Yet as the Met, the Frick, MFAH, and other institutions have demonstrated this spring, even a categorically, irrefutably different experience of these collections can also be singularly rewarding. Forced to quickly reconsider how they functioned online, many museums are now reaching more people—and in more intriguing ways—than ever before.
“One of the things that museums do so well is they offer a space for contemplation,” says Nancy Ireson, deputy director for collections and exhibitions and Gund Family Chief Curator at the Barnes Foundation in Philadelphia. “At a time that can be quite upsetting, we wanted to make sure we didn’t disappear.” If quippy commentary from scholars and artists was already de rigueur at many museums and galleries, under lockdown, it acquired a compelling new immediacy and intimacy. In “Barnes Takeout,” a new YouTube series, members of the museum’s staff discuss a favorite work from the collection for ten minutes, mixing needful art historical context with more personal musings. “We can’t be the candlelit dinner, which might be the museum on an ordinary day,” Ireson says, “but we can still be a place that offers you sustenance. ‘Your daily serving of art’ is our little tagline.”
Since the museum closed, the Barnes’s YouTube subscribers have increased 900%. “People are saying, you know, ‘I make a point of stopping my day at lunchtime and listening to talk about art for five or 10 minutes,’” Ireson continues. “We realized that lots of people are still working from home, or they’ve got childcare commitments, so it wasn’t about disrupting your day entirely. Just that point of contact is crucial.”
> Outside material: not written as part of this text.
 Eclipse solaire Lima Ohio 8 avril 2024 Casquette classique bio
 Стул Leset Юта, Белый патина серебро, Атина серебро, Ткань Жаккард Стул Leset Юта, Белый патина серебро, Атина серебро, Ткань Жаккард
Tinterow has observed much the same of MFAH’s largely local following, who have dialed in for events like “Coffee with a Curator” and the “MFAH on the Mat” weekly yoga class in droves. “Our members, our supporters, our donors, our community members miss us and they want to stay in touch,” he says. “Previously, our website was very transactional. Most of our visitors wanted to know, when are we open? How do I get a ticket? What film are we showing tonight? And so now that none of that is available, I expected the traffic to our website to fall. But they’re now checking to see what we might have on offer while they’re in quarantine.” And it’s as good a time as ever; at a juncture like this, art history has a great deal to say. “Going through our galleries, you could see that people have lived through plague. Even when there’s tremendous death and destruction, civilization can endure. There’s a lot to be learned from the evidence of works of art about getting through the times that we’re in now.”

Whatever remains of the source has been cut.